Why Integrative Medicine is a Distinct Medical Specialty

Integrative MedicineIntegrative medicine, which encompasses a broad spectrum of medical treatment methods and care systems, has developed into a distinct medical specialty as more and more physicians have embraced it as an approach to patient care, and as the public has become educated about its foundational concepts.

The standard, accepted definition of integrative medicine is, by now, familiar to anyone in the healthcare field: “Integrative Medicine is the practice of medicine that reaffirms the importance of the relationship between practitioner and patient, focuses on the whole person, is informed by evidence, and makes use of all appropriate therapeutic approaches, healthcare professionals and disciplines to achieve optimal health and healing.”

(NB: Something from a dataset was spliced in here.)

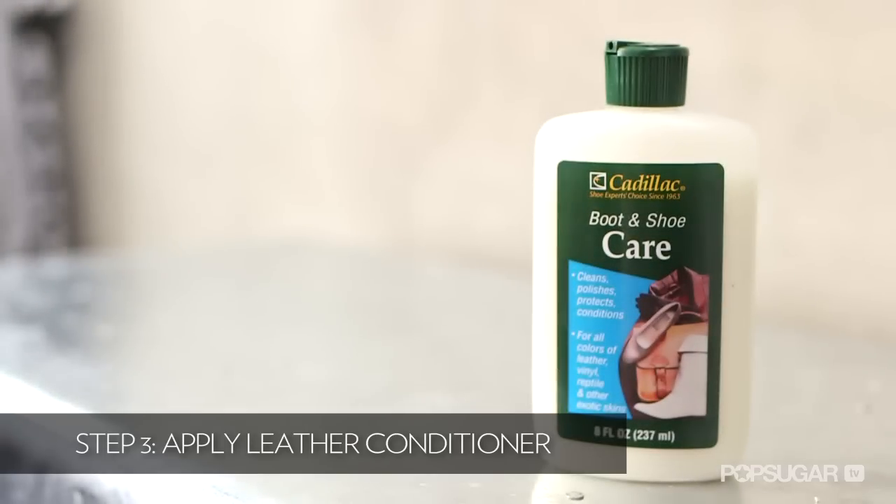Our boots are covered in polish and they look good as new. Let them dry overnight to make sure the polish really sets and absorbs into the leather. Once they're dry, apply a leather conditioner — you can find it at any shoe store. Really rub that into the leather; it'll help preserve all the work we just did.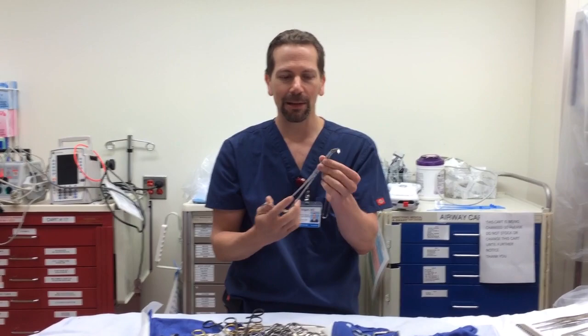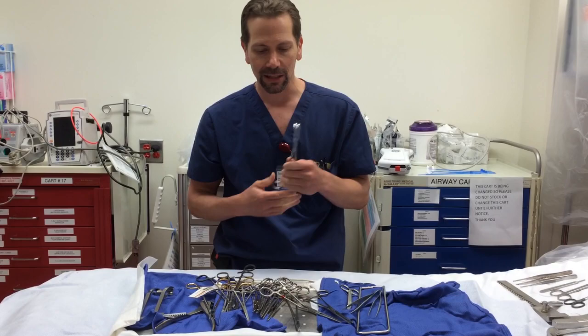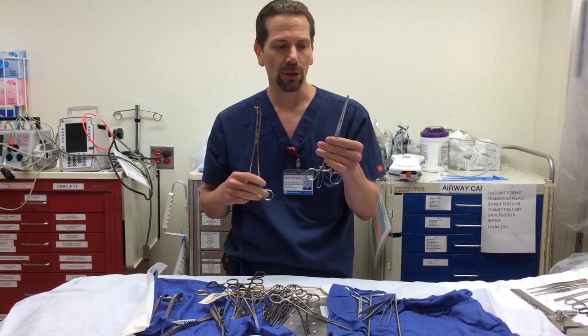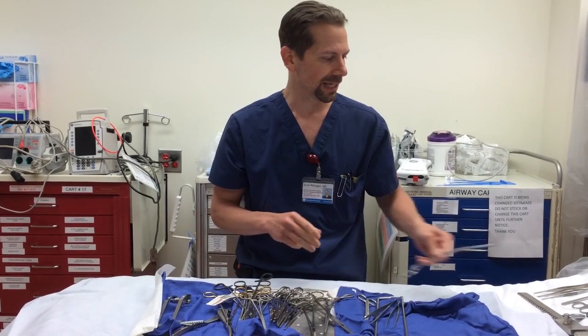The side-biting Satinsky can clamp the aorta, the hilum, or any vessel you need from an ED perspective. I would stock two Satinsky clamps in preference to straight vascular clamps, unless you're confident your team won't grab the wrong ones. So I'd put two Satinskys in the tray.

The American Board of Physician Specialties (ABPS) developed the American Board of Integrative Medicine (ABOIM) in recognition of the prominent place integrative medicine now occupies in the healthcare landscape. Many prestigious universities around the country, including the University of Arizona and Duke University, feature integrative medicine prominently. Respected and important medical organizations, such as the Cleveland Clinic and Sloan-Kettering, maintain centers for integrative medicine. In short, the debate about the efficacy of integrative medicine is over. The only question remaining is how widespread its practice will ultimately become.

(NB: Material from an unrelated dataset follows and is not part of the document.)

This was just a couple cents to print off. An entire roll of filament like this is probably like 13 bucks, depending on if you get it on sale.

The ABOIM exists to provide a platform for qualified physicians to demonstrate that they have accrued the necessary experience and mastered the core competencies required to provide the best possible care in integrative medicine. Respected physician leaders in the integrative medicine community comprise the founding board. They believe the field of integrative medicine has evolved into a specialty that needs to be recognized.

To learn more about the evolution of integrative medicine as a distinct medical specialty, or for more information about the ABOIM, contact the ABPS today. The ABPS is the official board certifying body of the American Association of Physician Specialists, Inc.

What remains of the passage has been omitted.